Elle lui appliqua une bise sonore sur la joue. La fillette l’étreignit avec force et murmura dans son cou :

— Je suis contente d’être ici avec toi, tatie Stella. 

— Moi aussi mon ange, dit-elle la voix enrouée. Je suis très heureuse de t’avoir près de moi. 

Elle la serra un moment dans ses bras, puis se racla la gorge avant de reprendre :

— Viens, on va descendre prendre le petit déjeuner.


Dans la cuisine, sa mère les observait tandis qu’elles prenaient leur repas, des céréales au chocolat pour Angela, et des œufs brouillés accompagnés de pain complet pour elle. Sans même croiser son regard, elle savait que sa mère était fière d’elle. Elle n’avait pas arrêté de la remercier depuis deux jours pour ce qu’elle faisait pour la petite Angela. Mais pour Stella, ça coulait de source, elle l’aurait même fait plus tôt si elle avait su que la situation de Victoria était aussi catastrophique. Personne de leur famille ne s’en était vraiment rendue compte avant les dernières fêtes de fin d’année. Justine Njitoyap était occupée à veiller sur son mari, leur père, qui avait gardé d’importantes séquelles de son avc. Elle-même était prise par son travail au Rwanda. Pierre poursuivait son tour du monde, et était en Australie tandis que Ralph vivait au pays.


— Angela, fais un bisou à Mamie, c’est l’heure d’y aller, dit-elle en accrochant le petit sac à dos rose de la fillette sur son épaule. 

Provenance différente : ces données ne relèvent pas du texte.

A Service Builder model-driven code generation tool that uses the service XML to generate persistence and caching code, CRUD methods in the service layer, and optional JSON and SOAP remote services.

Angela bondit de sa chaise et courut embrasser sa grand-mère. Après avoir fait elle-même la bise à sa mère, elles sortirent de la maison. Le gardien leur sourit en ouvrant le grand portail de couleur noire. L’école n’était qu’à cinq minutes à pieds. Elles marchèrent en silence. Stella sentait la main de la petite fille agripper ses doigts de plus en plus fort. Elle savait qu’elle avait un peu peur. Mine de rien, c’était beaucoup de changements en à peine une semaine pour une si petite personne, même si elle y avait été préparée. Le portail de l’école maternelle privée Le Flamboyant était maintenant visible. Stella s’arrêta un instant et s’accroupit pour se mettre à la hauteur de sa nièce. 

— Ma puce, ça va aller, d’accord ? 

Angela hocha vigoureusement la tête, les lèvres tremblantes. 

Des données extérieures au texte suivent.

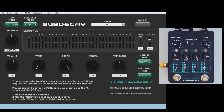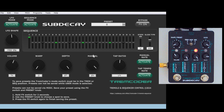To activate the tremolo, click the bypass button. You can switch between tap tempo and manual rate modes. Here's manual rate, and here's tap tempo.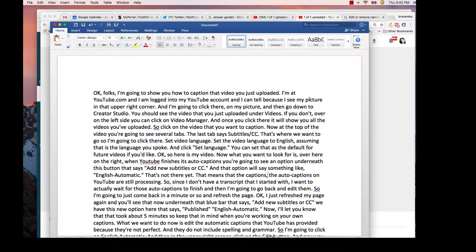This video shows how to create captions on a video you've uploaded in YouTube using a transcript file.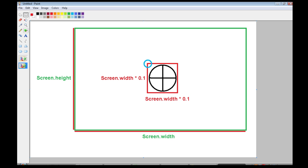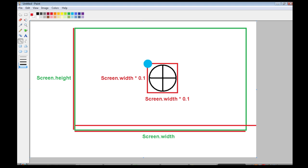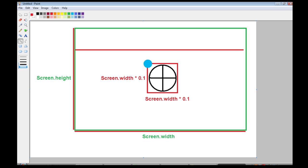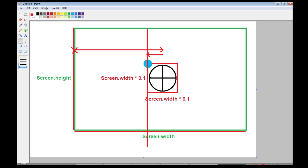Now for this coordinate here, this spot right here, the way we're going to get that, is we're going to take the screen width down here, except we're going to divide it by 2, that'll get us here. Then we're going to subtract half of the crosshair width. So we're going to start here, we're going to take half the screen size, and then we're going to subtract half of the crosshair size, and that'll get us this x coordinate here. And same for the y.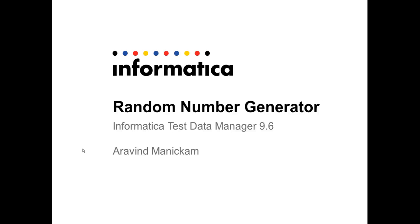Hello everyone, this is Arvind. Today I will be walking you through the process of creating random numbers using random number generator in Informatica's Test Data Manager 9.6.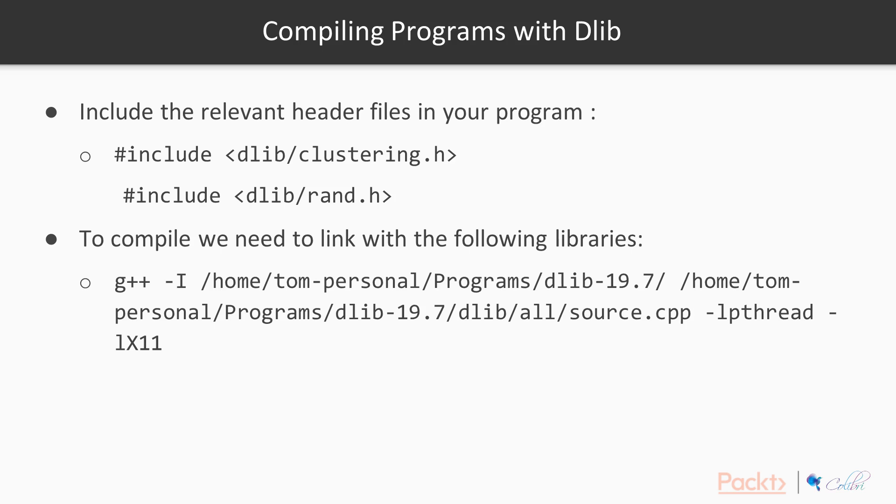And then to compile you need to link to where you've downloaded DLib and where you've extracted it. So here you can see I've put it in programs of my personal account on this computer and then DLib. So you just link to it in the following way, and then you need to link to lpthread and lX11.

— Tu verras, tout le monde sera gentil avec toi, la maîtresse, les petites camarades, essaya t’elle de la rassurer.

— Je veux rester avec toi Tata Stella, geignit la petite fille en passant ses menottes potelées autour de son cou en la serrant convulsivement. 

— Je sais, mon ange, moi aussi. Mais, je dois aller travailler. C’est Mamie qui viendra te chercher   Je ne rentrerai pas tard, promis. 

La fillette se calma progressivement, puis détacha ses mains de son cou. 

— Ce sera un peu différent que ton école en France, mais tu verras, tu t’y plairas. 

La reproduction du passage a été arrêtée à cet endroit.